## SUPPLIED RECORDS
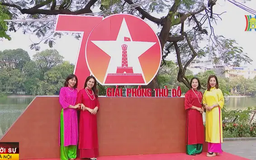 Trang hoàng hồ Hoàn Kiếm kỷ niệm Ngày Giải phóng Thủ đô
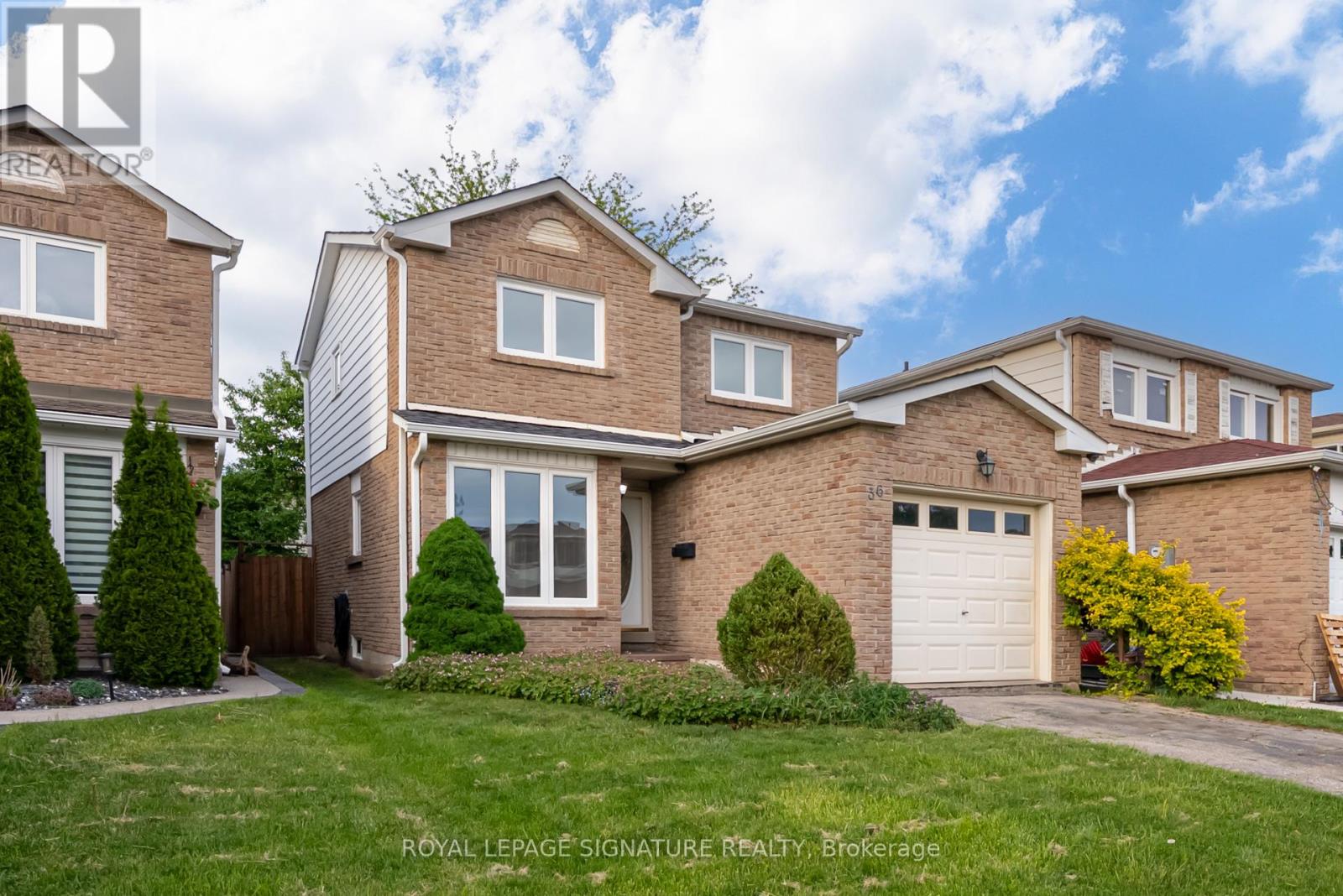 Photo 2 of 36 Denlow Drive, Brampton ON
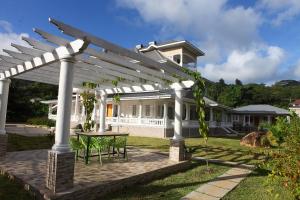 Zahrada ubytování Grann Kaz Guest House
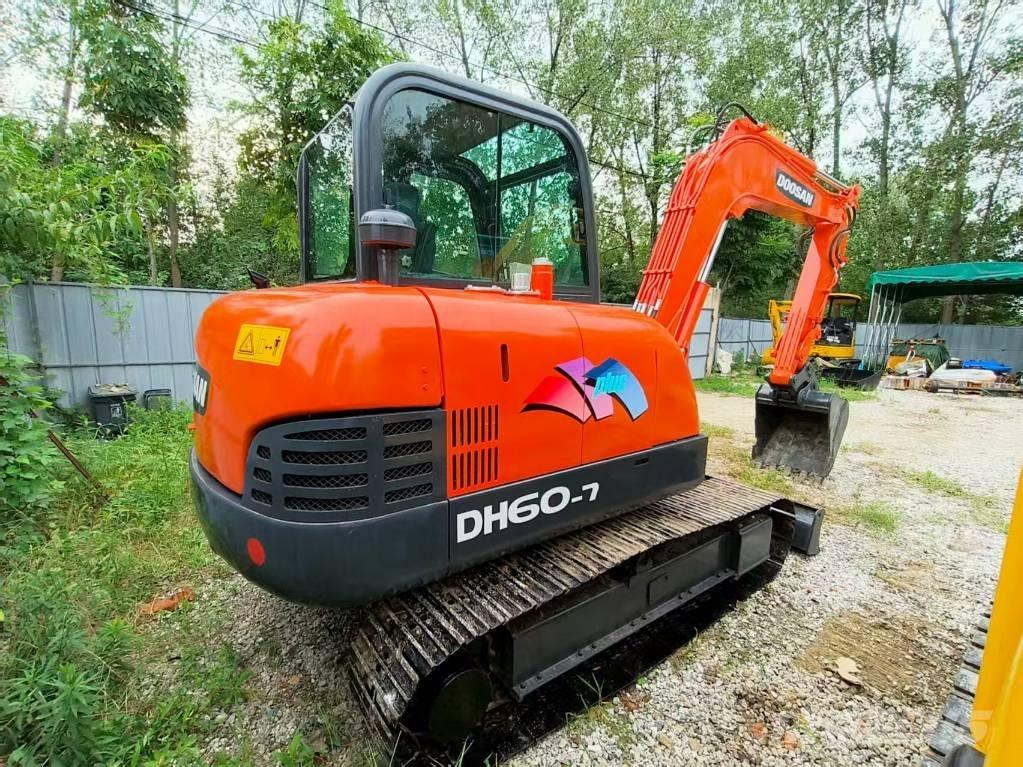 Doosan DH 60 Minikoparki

==

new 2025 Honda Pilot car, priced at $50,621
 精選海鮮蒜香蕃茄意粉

--

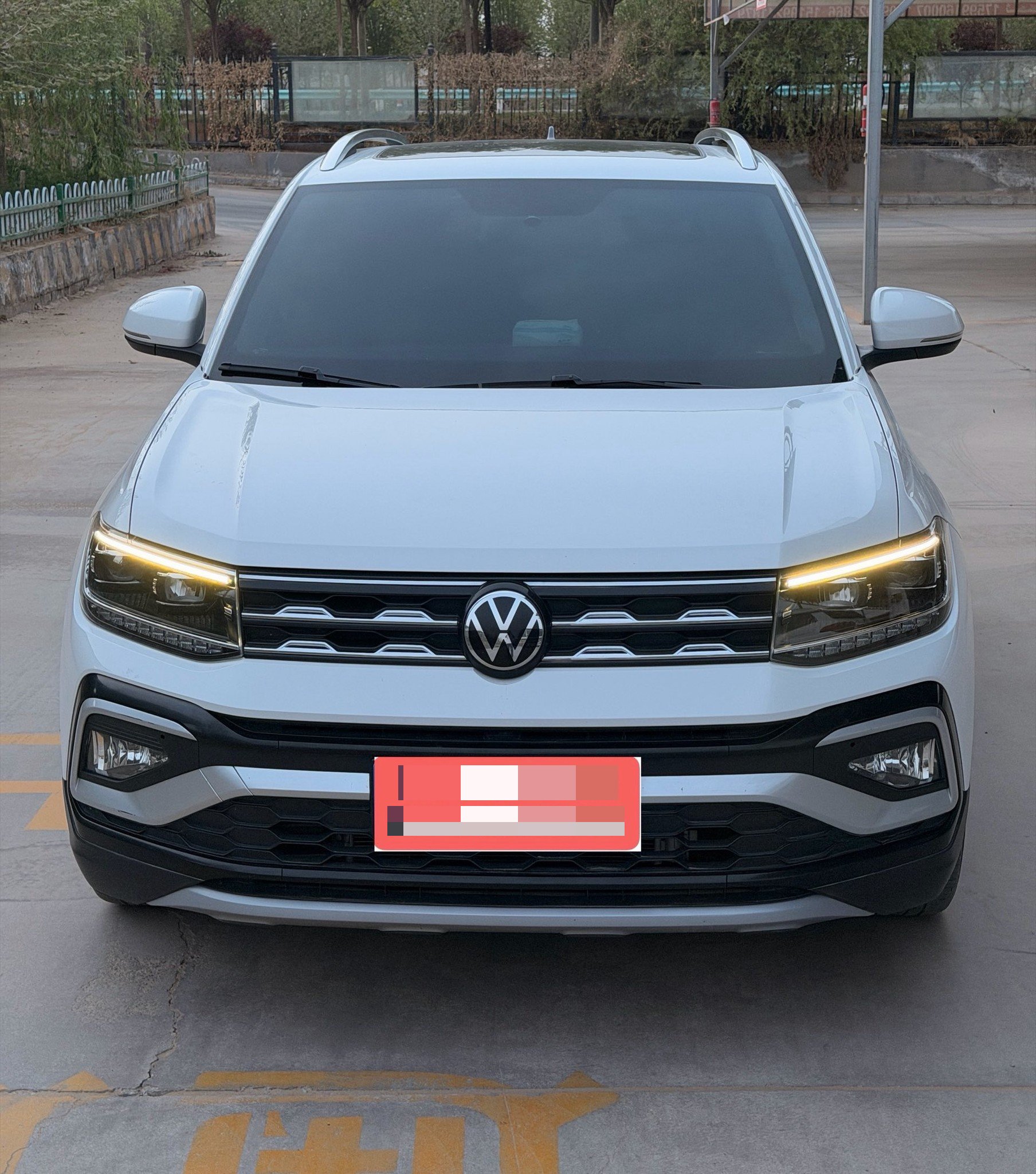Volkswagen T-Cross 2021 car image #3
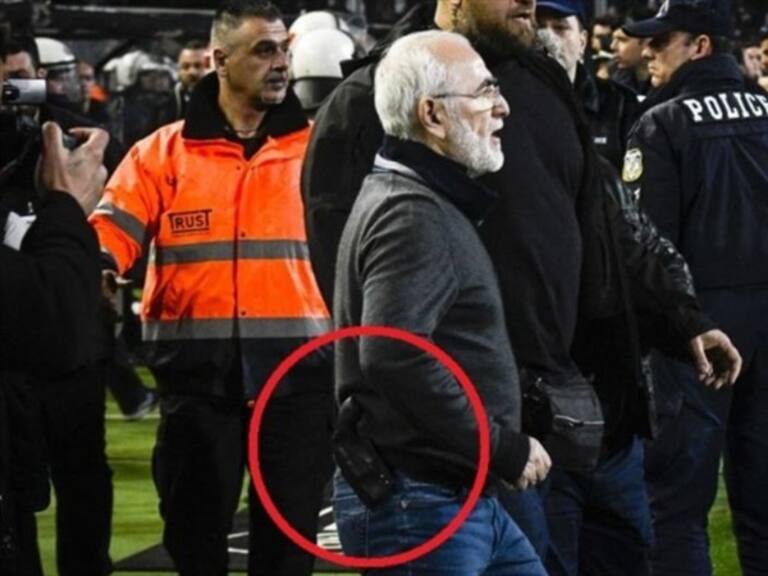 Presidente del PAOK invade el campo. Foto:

## DIRECTIONS
Write back word for word every line in the entries above from the one with "Trang hoàng hồ" to the one with "Doosan DH 60 Minikoparki", ends included, and none of the pictures.

## RESPONSE TO THIS TASK
 Trang hoàng hồ Hoàn Kiếm kỷ niệm Ngày Giải phóng Thủ đô
 Photo 2 of 36 Denlow Drive, Brampton ON
 Zahrada ubytování Grann Kaz Guest House
 Doosan DH 60 Minikoparki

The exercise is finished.